## Provided records
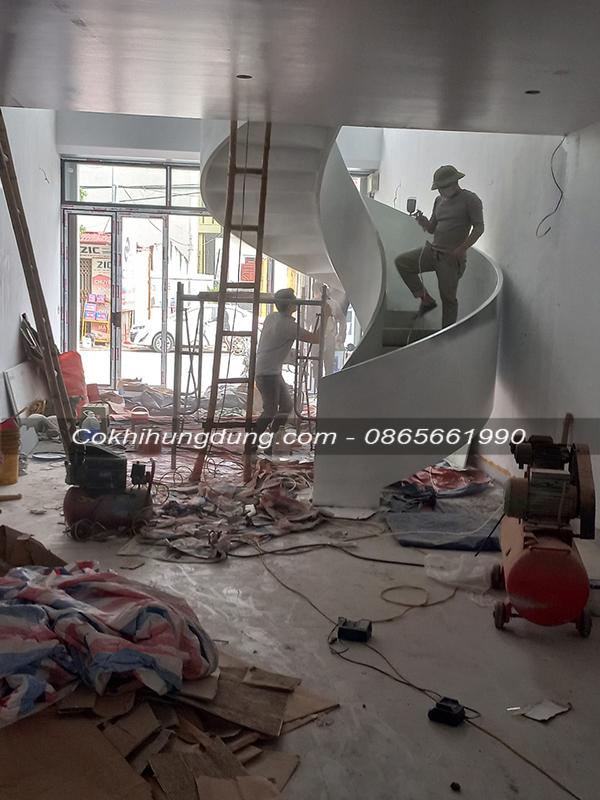 Quy trình sơn hoàn thiện cầu thang xoắn ốc tại Hưng Yên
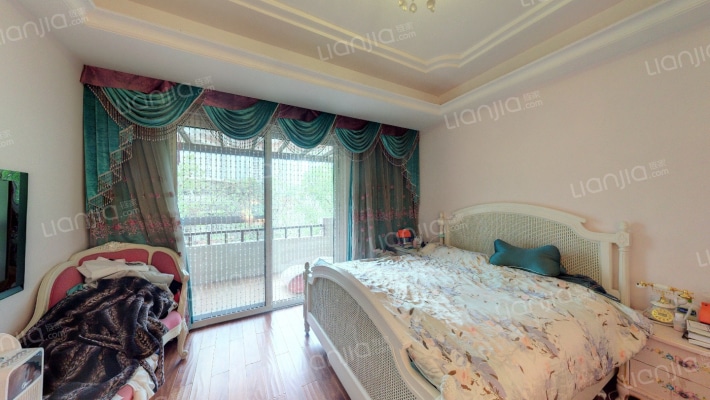住家装修，实用面积很大，小区环境优美-卧室B
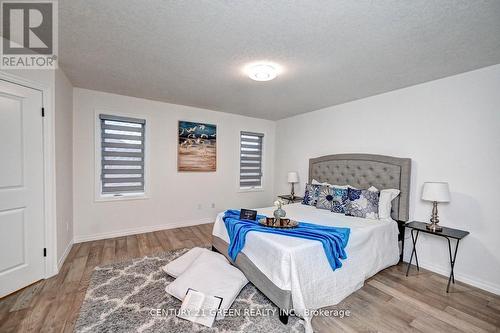 352 Chokecherry Crescent, Waterloo, ON - Indoor Photo Showing Bedroom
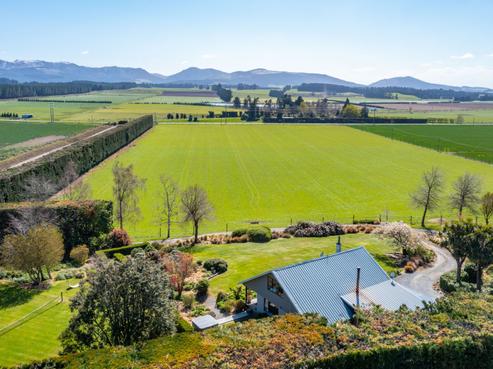 1365 Leaches Road, Windwhistle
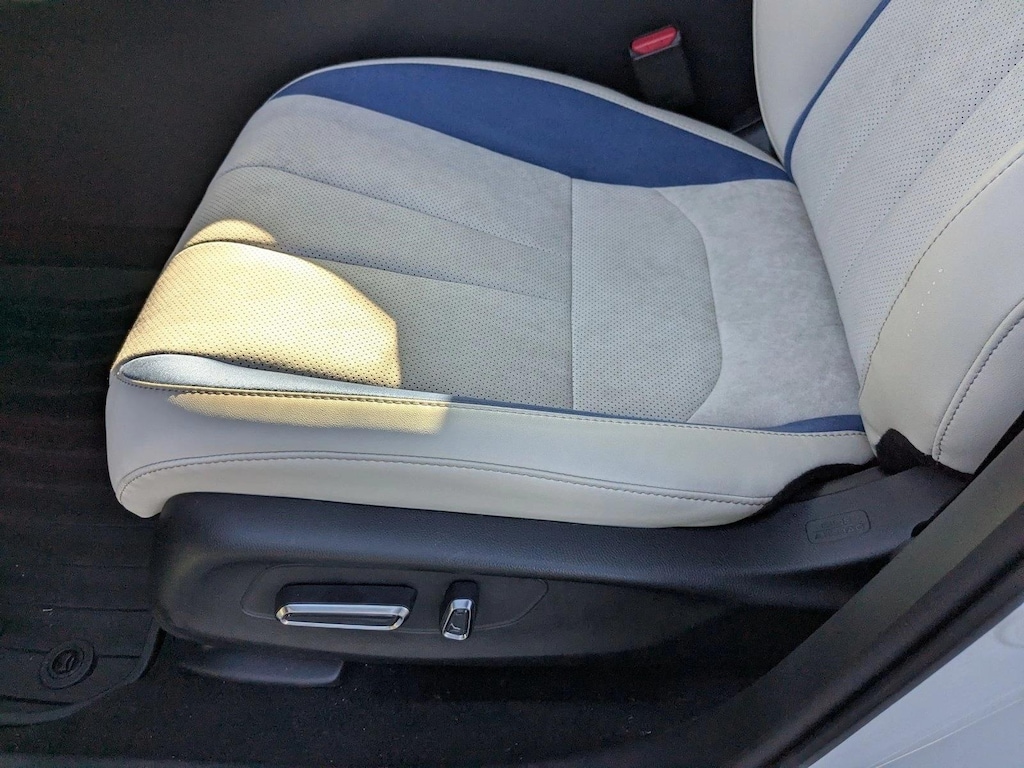 Used 2025 Acura ADX w/A-Spec Package SUV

## Directions
Excluding the pictures, output every entry above without alteration.

## Result
 Quy trình sơn hoàn thiện cầu thang xoắn ốc tại Hưng Yên
住家装修，实用面积很大，小区环境优美-卧室B
 352 Chokecherry Crescent, Waterloo, ON - Indoor Photo Showing Bedroom
 1365 Leaches Road, Windwhistle
 Used 2025 Acura ADX w/A-Spec Package SUV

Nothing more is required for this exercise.